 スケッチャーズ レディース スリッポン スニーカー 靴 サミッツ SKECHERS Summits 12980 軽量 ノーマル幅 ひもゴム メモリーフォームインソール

=======

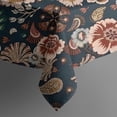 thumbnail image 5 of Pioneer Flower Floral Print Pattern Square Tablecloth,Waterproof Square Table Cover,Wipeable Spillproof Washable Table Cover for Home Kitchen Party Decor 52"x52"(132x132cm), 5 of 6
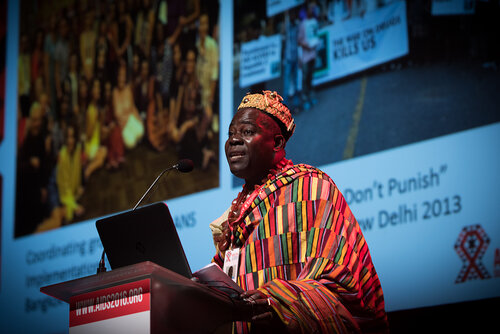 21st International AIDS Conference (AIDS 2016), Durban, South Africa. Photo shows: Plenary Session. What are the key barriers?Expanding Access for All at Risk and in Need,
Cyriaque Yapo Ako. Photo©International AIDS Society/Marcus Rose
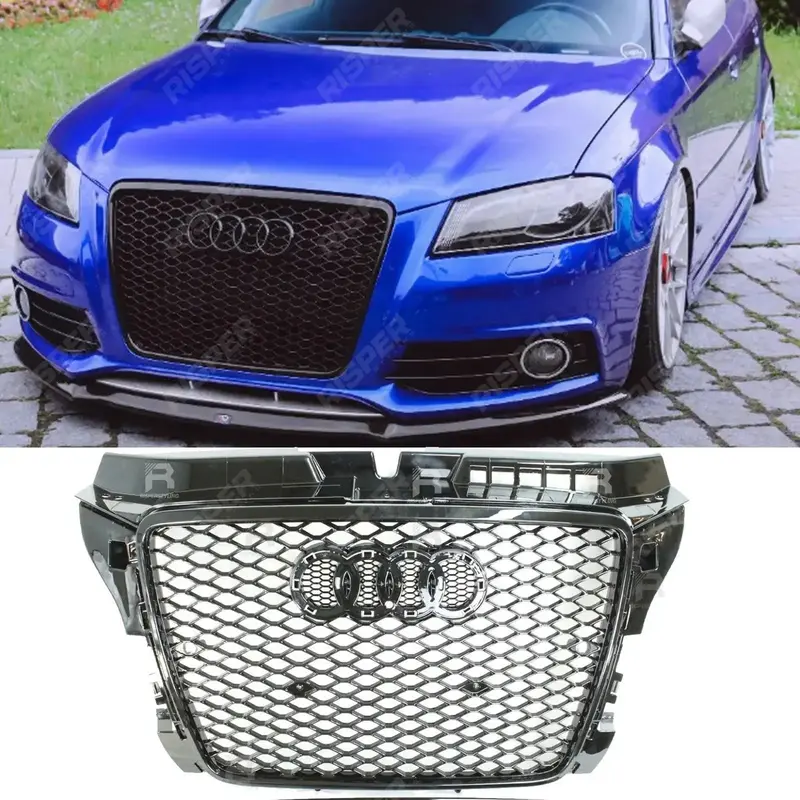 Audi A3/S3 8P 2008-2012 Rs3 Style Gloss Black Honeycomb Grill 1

=======

Starting at the line that contains "thumbnail image 5" and ending at the line that contains "Audi A3/S3 8P", transcribe the material above exactly, excluding pictures.

 thumbnail image 5 of Pioneer Flower Floral Print Pattern Square Tablecloth,Waterproof Square Table Cover,Wipeable Spillproof Washable Table Cover for Home Kitchen Party Decor 52"x52"(132x132cm), 5 of 6
 21st International AIDS Conference (AIDS 2016), Durban, South Africa. Photo shows: Plenary Session. What are the key barriers?Expanding Access for All at Risk and in Need,
Cyriaque Yapo Ako. Photo©International AIDS Society/Marcus Rose
 Audi A3/S3 8P 2008-2012 Rs3 Style Gloss Black Honeycomb Grill 1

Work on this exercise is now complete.